Jackson made this connection when speaking to WBEZ about the new system, saying, “We also have to make tough decisions in places where there are enough opportunities for students to be successful and parents have basically voted with their feet…The value of putting out this data is that it allows us to have a conversation with the community around a single source of truth.” By “voting with their feet,” meaning parents selecting which high schools students will attend or not attend, Jackson argues that we now have data about which schools are most desirable and a “single source of truth” to discuss what to do about undesirable high schools.
I want to pause to consider the phrase, “single source of truth.” When a public official in powerful office asserts something to be the truth, we need to interrogate why. What the GoCPS data tells us is which high schools are preferred among incoming-freshmen given the choice available to them. It doesn’t tell how happy parents are with the district as a whole or how effective CPS high schools are.
Indeed, the first thing that pops out of the GoCPS data is a reaffirmation of something already widely known: there is fierce desire to attend the top selective enrollment high schools. By dividing the number of offers each of these schools made by the number of students who ranked that school as 1st, 2nd, or 3rdchoice, we get a rough sense of acceptance rates:
- Jones College Prep – 5.4%
- Whitney Young – 6%
- Walter Payton – 6.6%
- Northside College Prep – 8.1%
- Gwendolyn Brooks – 10.2%
- Lindblom Math & Science – 13.5%
- Lane Tech – 15.9%
Historically, these selective enrollment high schools over-represent white studentsand students from middle- and upper-income families relative to the district. They also tend to under-enroll students with IEPs and English Learners. As some of the highest performing schools in the state of Illinois, they play a significant role in perpetuating inequity by providing more and better opportunities to a disproportionately white and wealthy slice of Chicago.

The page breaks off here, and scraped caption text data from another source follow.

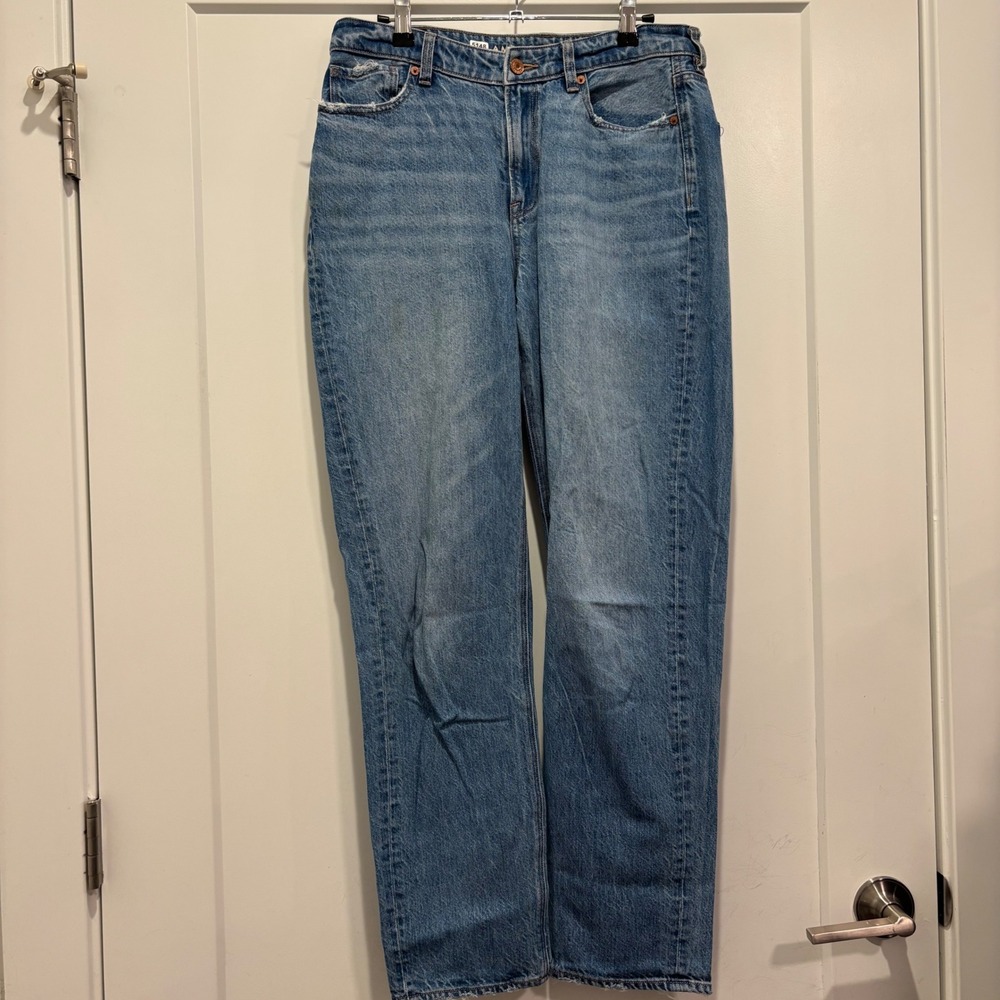 American Eagle Mom Jeans Womens 8 Long Medium Wash High Rise Straight Leg Blue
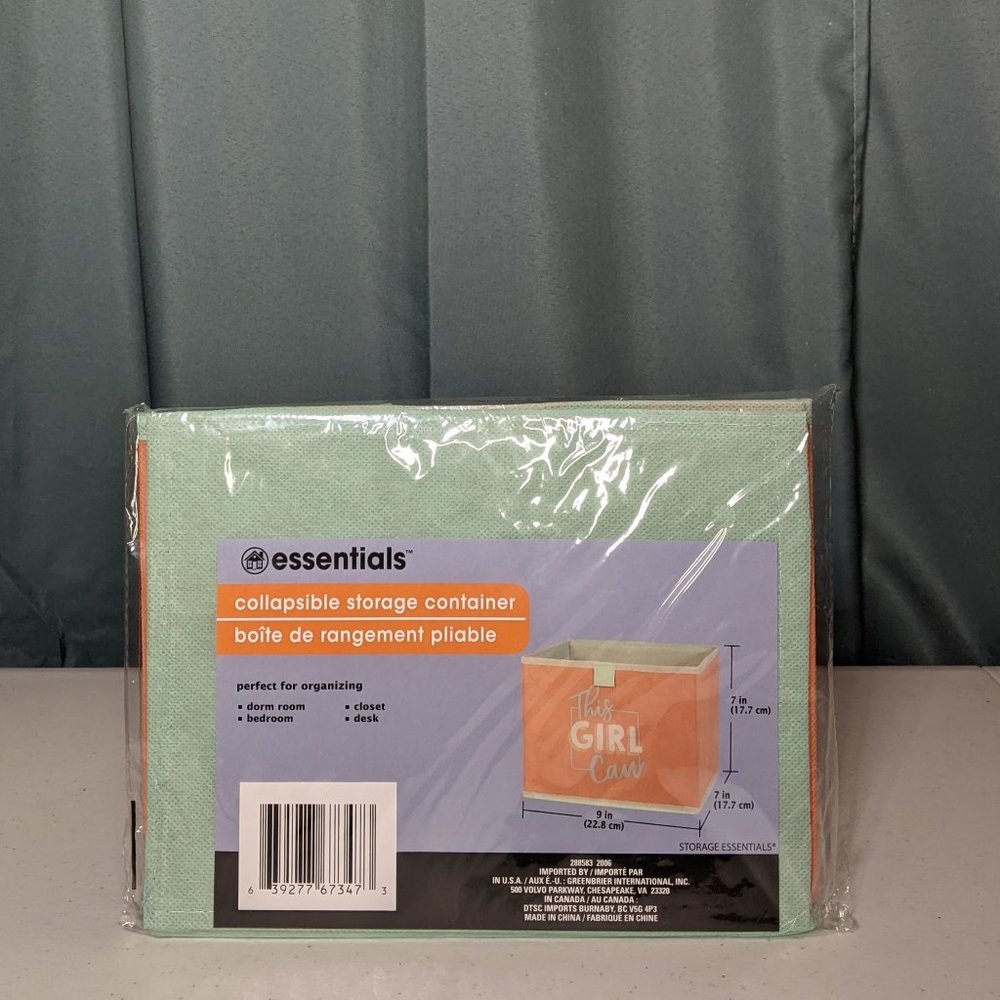 Green & Orange "This Girl Can" Collapsible Storage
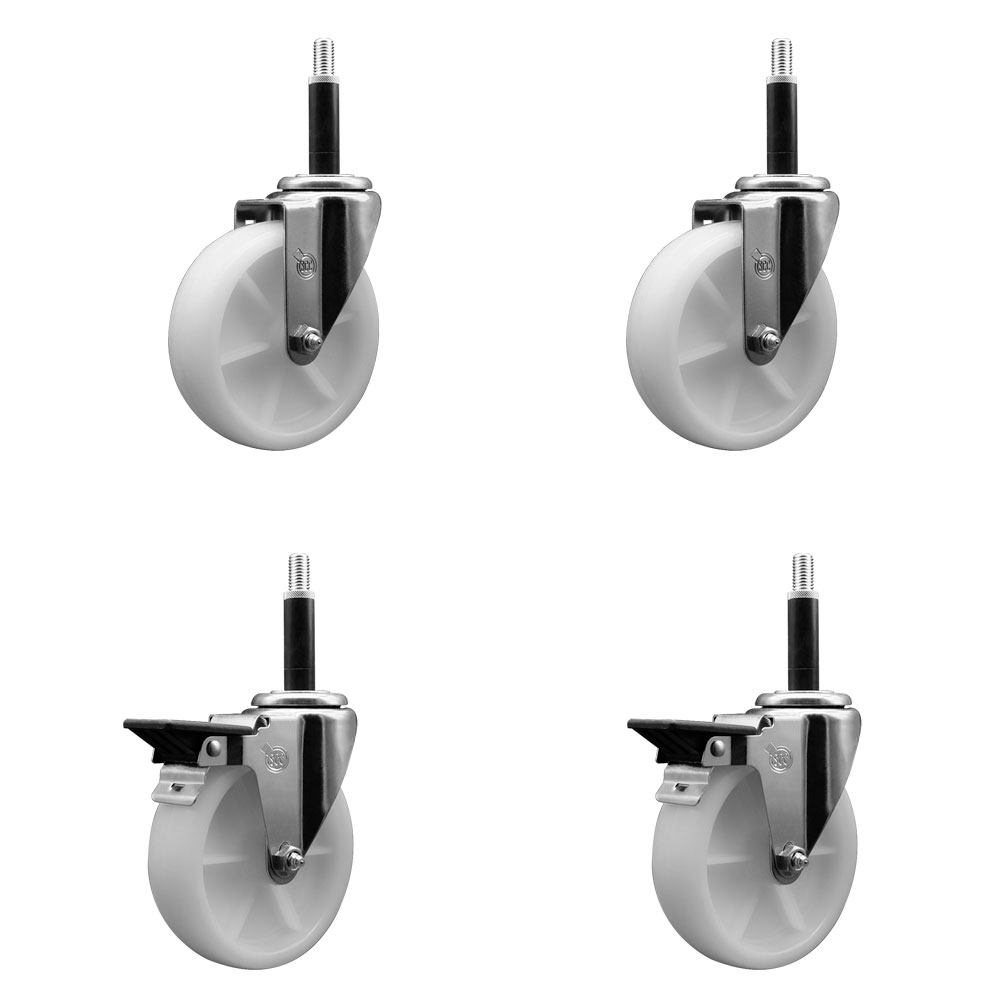 Nylon Swivel Expanding Stem Caster Set of 4 with 5 Inch White Wheels and 3/4" Stems  - Includes 2 Swivel with Posi Locking Brakes and 2 Swivel - 1200 lbs. Total Capacity - Service Caster Brand — photo 1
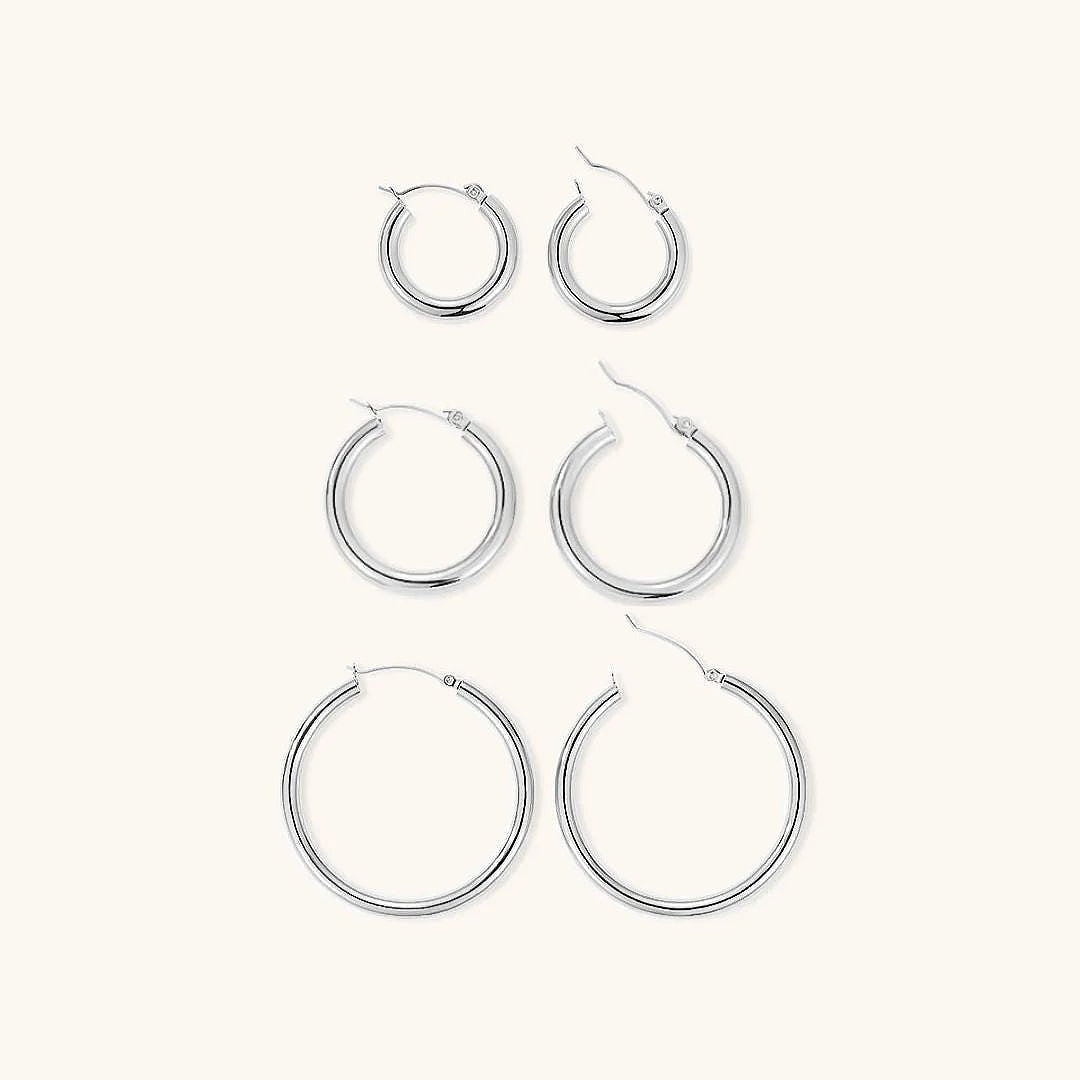Broad Round Hoops (Set of 3)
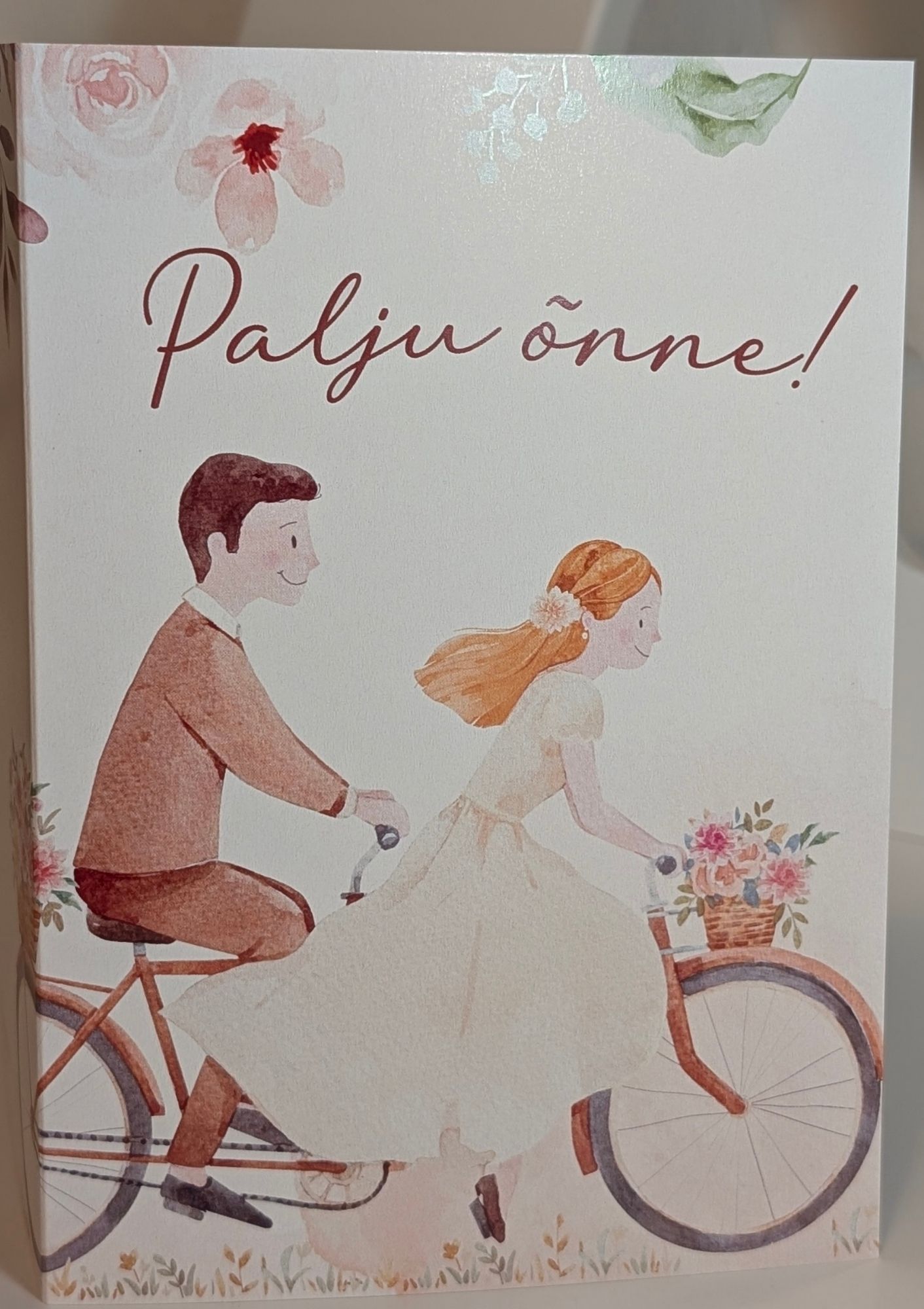 Kutsekunsti elegantne lõbusa joonistatud pruutpaariga õnnitluskaart pulmadeks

This is the problem that Beatriz De Leon, executive director of Generation All, pinpoints when she asks if the GoCPS system might actually end up further stratifying our high schools. She told the Tribune, “I think what this shows is these more vulnerable students, first of all, are choosing general education programs more, and they’re choosing and ending up matched to them more. Does that mean that we are clustering these students in schools even more so than before?”This is a real possibility that requires close scrutiny because, despite best efforts to use algorithms in public policy to promote consistency and fairness, the results can lead to greater disparities and discrimination.
I suspect, though, that the “tough decisions” Jackson has in mind doesn’t refer to finding ways to make the level of resources available at selective enrollments available to all. No, she is calling on the recent history of CPS school closings and foreshadowing more to come. As analyzed by the University of Chicago Consortium on Chicago School Research and the Federal Reserve Bank of Chicago, the GoCPS data reveal an excess of approximately 13,000 seats for high school freshmen. That’s about 40% extra capacity for an incoming class of 27,000. This oversupply is unsustainable. It is at once extremely expensive and directly limiting to those schools with many empty desks.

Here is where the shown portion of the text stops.